We took out mortgage for 440, its now down to 390 our repayments are 1850 per month, if we rented the house out we would only get about 1200 per month, (its in Monkstown farm) and as we want to upgrade any reasonable size house rent would be at least 1900 in the greater area + have to subsidise mortgage + pay tax on rental income.


----------



## Brendan Burgess (2 Sep 2012)

You have a great deal with a cheap tracker for €390k.   It's best to keep this as long as possible.  

There is a possiblility, but only a slight possibility, that BoI may give an incentive to people to pay down cheap trackers early.  With family cash available and the sales proceeds of the house, you might be be able to exit negative equity earlier than you would otherwise. This is not a reason for staying where you are, but it would be a factor to bear in mind.

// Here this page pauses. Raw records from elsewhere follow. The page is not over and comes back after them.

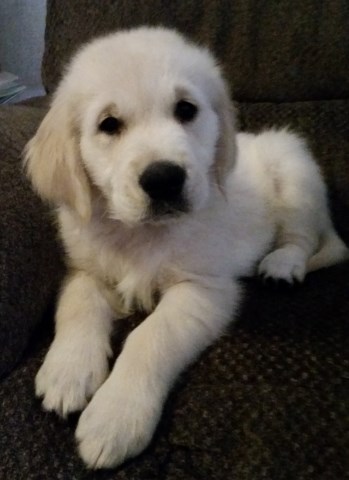 Golden Retriever puppy for sale + 48287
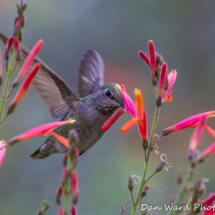 Costas Hummingbird-Female-3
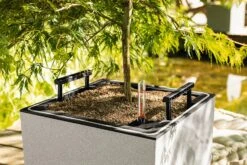 LECHUZA Pflanzgefäß CANTO Stone 40 LED Low, Graphitschwarz -Pflanzensamen Rabatt lechuza pflanzgefaess canto stone 40 led low 1681474 de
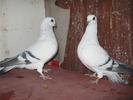 Damasc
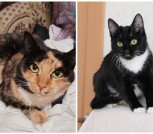 Collage_20260219_081853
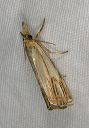 crambus_agitatellus0817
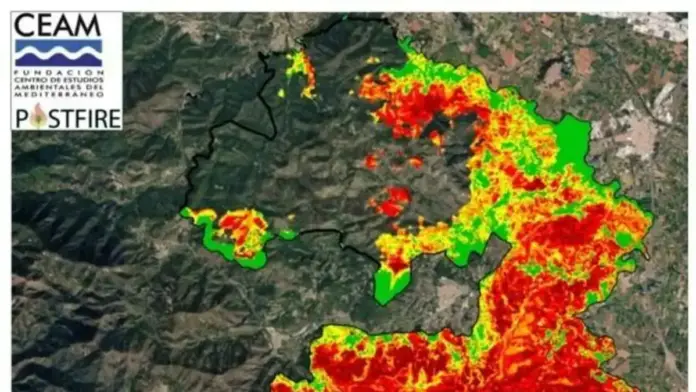 Anàlisi de l’impacte ecològic de l’incendi de La Vall d’Uixó Equip del Centre d’Estudis Ambientals del Mediterrani revisant l’impacte d’un incendi a La Vall d’Uixó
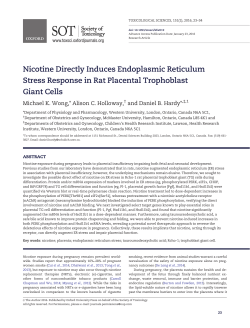 Nicotine Directly Induces Endoplasmic Reticulum Stress Response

As it is, it appears you have no choice but to stay where you are.


----------



## Brendan Burgess (3 Sep 2012)

dragonboy said:


> We took out mortgage for 440, its now down to 390 our repayments are 1850 per month, if we rented the house out we would only get about 1200 per month, (its in Monkstown farm) and as we want to upgrade any reasonable size house rent would be at least 1900 in the greater area + have to subsidise mortgage + pay tax on rental income.



Let's look at this again as it shows a fundamental misunderstanding about mortgages. Don't worry. You are not alone.



Mortgage|€390k|
Interest|€8,000| per year - assuming ECB + 1.25%
Repayments| €22,000|per year
Capital repaid|€14,000| per year.
.



Rental income|€14,400 
Interest paid|€8,000
Gross profit|€6,400 
Tax |€4,000|
Net profit|€2,000So what do these numbers tell us? 

Renting out your current home would make a  small profit for you after tax as you have such a cheap loan.  You may need to adapt the figures and allow something for the cost of renting, but the overall point is that you can rent your house out without it costing you anything. 

The problem for most people would be that they could not make the €14,000 capital repayments each year. But in your case, your family has the capital which they can give you each year. 

So, let your house. 
Borrow €14,000 a year from your family
You will be reducing your bank loan by €14,000 a year.
You will be increasing the amount owed to your family by €14,000 a year.
Your overall indebtedness won't change.

Rent a house to suit your family at €1,900 a month which is roughly what you are repaying on your loan at the moment. 

*However, you would still be better off staying where you are as long as possible 

*The real cost of your cheap tracker mortgage is €8,000 per year.
The cost of the house you want to rent is around €24,000 a year

The additional cost of moving house will be around €16,000 per year. 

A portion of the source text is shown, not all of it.